Clinical bottom line

Most developed countries with northern European age structures tended to have incidence rates between 12 and 20 cases per 100,000 per year.


Reference


D Twelves et al. Systematic review of incidence studies in Parkinson's Disease. Movement Disorders 2003 18: 19-31.


Systematic review

The review used MEDLINE and EMBASE, with searching to the end of 2001. Articles for inclusion had to be full publications of original studies providing an incidence rate for a whole population for idiopathic Parkinson's disease, or for Parkinsonian symptoms including Parkinson's disease.

Results

Twenty-five incidence studies were found, looking at populations throughout the world, and with populations as low as 8,000 to just under four million, though the number of incident cases was seven and about 400 (Figure 1).

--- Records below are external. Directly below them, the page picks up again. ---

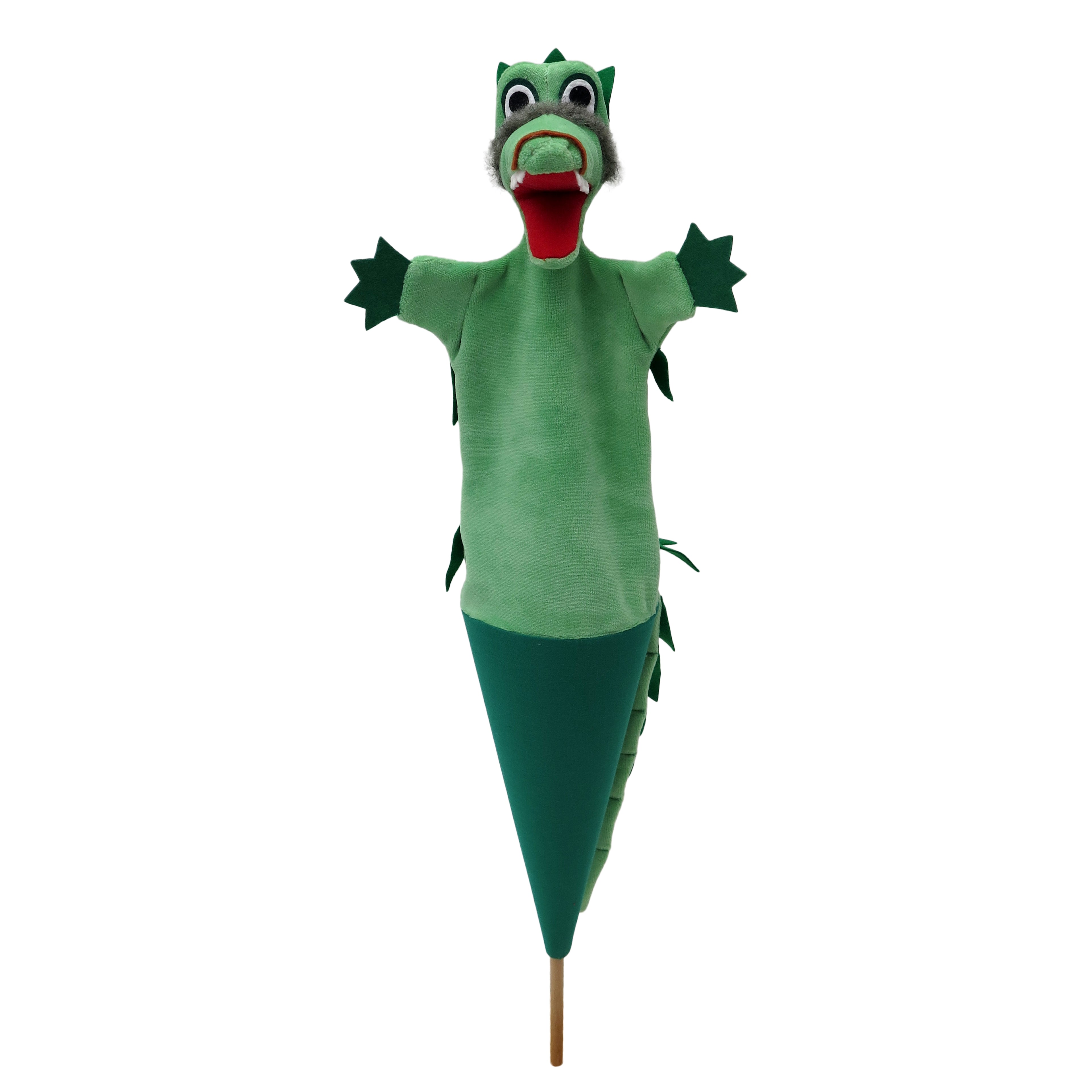 Tütenkasper / Tütenpuppen Dragon Dagobert 54 cm, 11875A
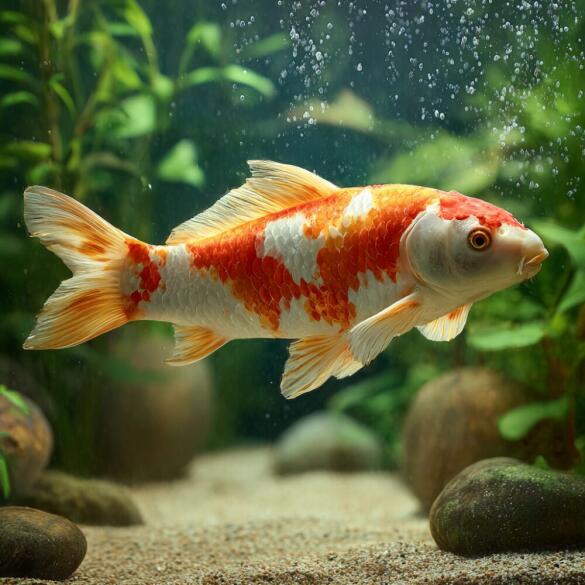 Карп Кои 7-8 см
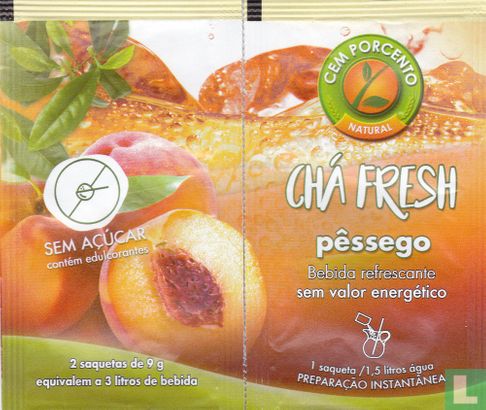 Cha Fresh pêssego - Image 1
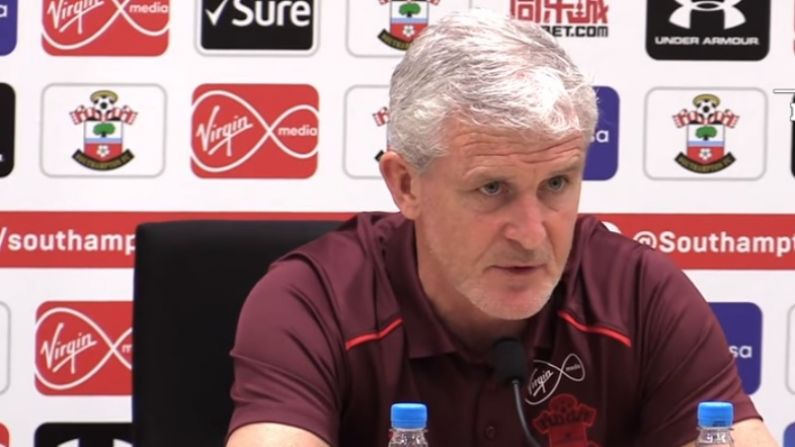 Mark Hughes Hits Out At Swansea Hotel Tricks Before Crucial Relegation Decider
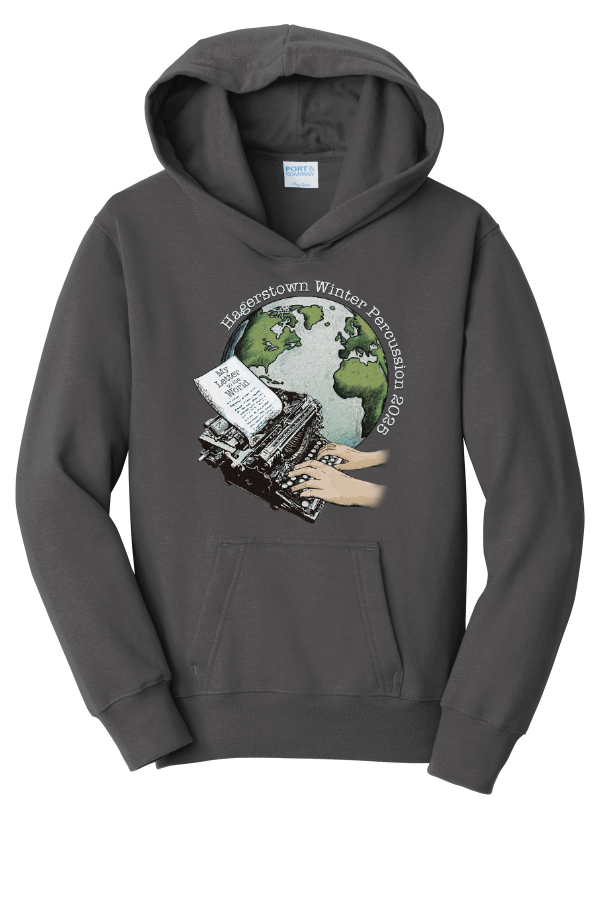 YOUTH Percussion Show Hoodie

Figure 1: Incidence of Parkinson's disease in individual studies

The determination of the diagnosis was mixed, with some patients seen by a specialist, varying from 30% to 100% of cases. Definition of incidence was also mixed, some studies using date of diagnosis, others date of onset, some both, and some did not give a definition. Also mixed in the studies were the diagnostic criteria used for defining Parkinson's disease.

In most studies the peak incidence was between 70 and 79 years of age, though mean age of symptom onset was 60-65 years in eight studies and over 65 years in five studies. There tended to be somewhat more men than women diagnosed (rate ratio ranged from 0.9 to 2.0).

The crude incidence per 100,000 per years ranged from 2 to 26 cases. Lower crude incidence rates came from populations in China, Libya, and Sardinia. Most developed countries with northern European age structures tended to have incidence rates between 12 and 20 cases per 100,000 per year.

Comment

Here we have an interesting study that not only gives some insight into the incidence of Parkinson's disease, but that also give an insight into the difficulty of such studies, and the need for strict criteria to ensure quality.

With Parkinson's disease, which develops predominantly in older people (Figure 2), the age structure of a population would be expected to be critical to any result. A young population would have low incidence, while an older population would have a higher incidence.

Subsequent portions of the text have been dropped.